Task instructions: Repeat, exactly and in full, the lines of the listing below, but without any pictures.

Available data:
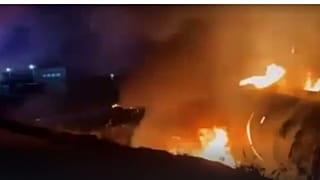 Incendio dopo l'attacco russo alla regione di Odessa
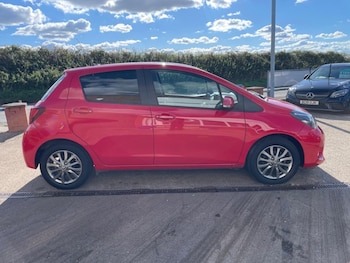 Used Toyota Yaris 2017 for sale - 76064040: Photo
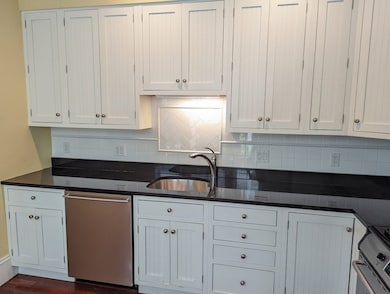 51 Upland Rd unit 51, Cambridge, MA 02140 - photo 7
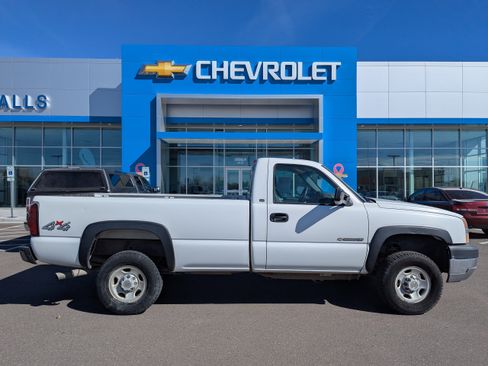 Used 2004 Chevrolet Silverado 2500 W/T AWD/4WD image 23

Response below:
 Incendio dopo l'attacco russo alla regione di Odessa
 Used Toyota Yaris 2017 for sale - 76064040: Photo
 51 Upland Rd unit 51, Cambridge, MA 02140 - photo 7
 Used 2004 Chevrolet Silverado 2500 W/T AWD/4WD image 23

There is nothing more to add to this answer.